- [Work order] For the entries below, print exactly the lines between the line holding "Cortina roller living" and the line holding "Coffee Because Murder", inclusive, and nothing else.
Top of Material for this task
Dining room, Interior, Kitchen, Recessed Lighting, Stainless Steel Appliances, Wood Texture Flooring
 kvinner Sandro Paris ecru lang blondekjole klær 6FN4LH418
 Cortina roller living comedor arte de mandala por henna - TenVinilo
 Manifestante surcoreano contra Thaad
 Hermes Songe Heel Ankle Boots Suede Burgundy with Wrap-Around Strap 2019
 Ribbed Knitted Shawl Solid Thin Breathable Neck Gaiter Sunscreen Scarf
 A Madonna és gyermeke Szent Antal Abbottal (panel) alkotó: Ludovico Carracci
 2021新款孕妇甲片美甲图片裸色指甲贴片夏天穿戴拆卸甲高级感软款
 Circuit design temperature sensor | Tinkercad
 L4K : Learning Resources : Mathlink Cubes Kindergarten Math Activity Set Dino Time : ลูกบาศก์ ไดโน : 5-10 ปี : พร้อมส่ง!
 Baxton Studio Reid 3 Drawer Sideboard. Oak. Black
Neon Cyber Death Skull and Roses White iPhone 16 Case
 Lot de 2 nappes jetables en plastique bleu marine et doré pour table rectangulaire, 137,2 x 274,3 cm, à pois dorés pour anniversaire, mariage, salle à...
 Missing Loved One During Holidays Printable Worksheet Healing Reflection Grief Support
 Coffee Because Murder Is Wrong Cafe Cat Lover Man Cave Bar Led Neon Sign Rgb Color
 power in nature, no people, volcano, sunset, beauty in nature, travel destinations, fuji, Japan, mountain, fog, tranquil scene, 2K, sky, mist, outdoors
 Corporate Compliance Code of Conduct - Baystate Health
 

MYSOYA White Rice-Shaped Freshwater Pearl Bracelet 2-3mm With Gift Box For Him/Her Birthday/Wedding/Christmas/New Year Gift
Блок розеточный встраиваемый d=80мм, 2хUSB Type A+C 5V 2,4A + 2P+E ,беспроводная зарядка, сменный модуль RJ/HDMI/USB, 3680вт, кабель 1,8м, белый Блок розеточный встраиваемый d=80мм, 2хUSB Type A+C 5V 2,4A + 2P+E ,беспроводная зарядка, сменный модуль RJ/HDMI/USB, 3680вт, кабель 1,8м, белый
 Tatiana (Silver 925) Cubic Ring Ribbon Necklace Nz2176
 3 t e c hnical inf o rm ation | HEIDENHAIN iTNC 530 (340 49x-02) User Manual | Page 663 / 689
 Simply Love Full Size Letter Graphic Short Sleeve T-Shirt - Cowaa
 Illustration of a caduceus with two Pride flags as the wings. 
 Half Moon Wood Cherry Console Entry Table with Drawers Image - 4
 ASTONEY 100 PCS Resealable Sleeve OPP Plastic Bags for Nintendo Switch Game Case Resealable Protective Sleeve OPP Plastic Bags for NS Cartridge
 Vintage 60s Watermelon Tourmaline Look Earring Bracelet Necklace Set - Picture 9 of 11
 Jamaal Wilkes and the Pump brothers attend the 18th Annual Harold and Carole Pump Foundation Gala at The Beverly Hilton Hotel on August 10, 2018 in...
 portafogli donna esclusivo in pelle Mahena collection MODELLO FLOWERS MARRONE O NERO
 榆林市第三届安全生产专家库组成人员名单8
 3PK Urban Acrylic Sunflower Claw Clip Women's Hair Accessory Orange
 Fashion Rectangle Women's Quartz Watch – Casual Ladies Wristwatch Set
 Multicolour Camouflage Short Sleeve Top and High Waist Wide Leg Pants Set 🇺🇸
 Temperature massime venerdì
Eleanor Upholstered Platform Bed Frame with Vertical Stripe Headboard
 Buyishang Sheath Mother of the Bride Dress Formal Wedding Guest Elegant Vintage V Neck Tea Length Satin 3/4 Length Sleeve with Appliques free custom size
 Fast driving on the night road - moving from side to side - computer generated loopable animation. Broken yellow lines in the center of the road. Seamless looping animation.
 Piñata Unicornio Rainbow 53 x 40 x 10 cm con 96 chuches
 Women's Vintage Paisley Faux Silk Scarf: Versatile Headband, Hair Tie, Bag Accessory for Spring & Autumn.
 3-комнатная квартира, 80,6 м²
Bottom of Material for this task
- [Response to the task]
 Cortina roller living comedor arte de mandala por henna - TenVinilo
 Manifestante surcoreano contra Thaad
 Hermes Songe Heel Ankle Boots Suede Burgundy with Wrap-Around Strap 2019
 Ribbed Knitted Shawl Solid Thin Breathable Neck Gaiter Sunscreen Scarf
 A Madonna és gyermeke Szent Antal Abbottal (panel) alkotó: Ludovico Carracci
 2021新款孕妇甲片美甲图片裸色指甲贴片夏天穿戴拆卸甲高级感软款
 Circuit design temperature sensor | Tinkercad
 L4K : Learning Resources : Mathlink Cubes Kindergarten Math Activity Set Dino Time : ลูกบาศก์ ไดโน : 5-10 ปี : พร้อมส่ง!
 Baxton Studio Reid 3 Drawer Sideboard. Oak. Black
Neon Cyber Death Skull and Roses White iPhone 16 Case
 Lot de 2 nappes jetables en plastique bleu marine et doré pour table rectangulaire, 137,2 x 274,3 cm, à pois dorés pour anniversaire, mariage, salle à...
 Missing Loved One During Holidays Printable Worksheet Healing Reflection Grief Support
 Coffee Because Murder Is Wrong Cafe Cat Lover Man Cave Bar Led Neon Sign Rgb Color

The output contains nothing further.